It’s getting to the point that listing all of Taylor Sheridan’s hit shows is akin to counting the stars in the sky, yet Landman has proven to be a standout. Set amid the West Texas oil boom, the series focuses on Tommy Norris (played by Billy Bob Thornton), solver of problems for M-Tex Oil.

At the end of the debut season, M-Tex owner — and Tommy’s longtime friend — Monty Miller (Jon Hamm) suffered a fatal heart attack, placing control of the company in Tommy’s hands. When the series returns, Monty’s widow, Cami (Demi Moore), is forced to step into service to help Tommy fend off threats to her late husband’s empire. “In season two, as oil rises from the earth, so do secrets — and Tommy’s breaking point may be closer than he realizes,” reads the new season’s logline. “Facing mounting pressure from M-Tex Oil, Cami Miller and the shadow of his kin, survival in West Texas isn’t noble — it’s brutal. And sooner or later something’s got to break.”

Landman on Paramount+. Pictured: Tommy’s ex-wife Angela (Ali Larter) and daughter Ainsley (Michelle Randolph).
Emerson Miller/Paramount+

Tommy has often been described as the role of Thornton’s already stellar career, and there’s a good reason for that. “Taylor wrote this series for me. I mean, specifically for me,” says Thornton. “ Because I had done that cameo for him in 1883, and he said, ‘I think I have your voice.
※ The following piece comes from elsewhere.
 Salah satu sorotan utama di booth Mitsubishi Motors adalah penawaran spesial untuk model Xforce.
I think I know how to write for you.’ And sure enough, when I read the first script of season one, I was like, ‘Yeah, you kind of got it down.’ ” 
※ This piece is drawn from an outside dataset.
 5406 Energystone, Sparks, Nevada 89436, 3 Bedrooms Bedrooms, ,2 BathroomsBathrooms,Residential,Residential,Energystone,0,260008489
While Thornton has grown comfortable enough with Tommy to improvise occasionally, he’s also well aware that Sheridan has the final say. “Taylor writes really great scripts, so you don’t have to do much. But if you feel like something in the moment, you just say it. So yeah, every now and then [laughs] I throw one in. But I’m as dumb as a bag of hammers,” Thornton says. “If he likes it, he keeps it. And if he doesn’t, he dumps it, which is very fair.”

Landman on Paramount+. Pictured: Mexican cartel boss Gallino (Andy Garcia) has aspirations to get into the oil business.
Emerson Miller/Paramount+

According to viewership numbers, Landman is Sheridan’s most-watched show, drawing a bigger audience than even established hits such as Yellowstone and Special Ops: Lioness. Thornton has a theory about why that is. “Landman has humour, it has absurdity, it has heavy drama, emotion, danger, all these different things,” he says. “So it kind of covers everything. And that’s the way the old movies were. You know, when we watched the movies of the ’30s, ’40s, ’50s, ’60s, they always had all of that stuff. And I think that’s why people respond to it. And I think one of the charming things about these characters, all of them, is that they say exactly what they say. There’s no holding back. And at the end of the day, isn’t that what art is really supposed to be? Isn’t it supposed to be, there are no rules, there are no fences here?”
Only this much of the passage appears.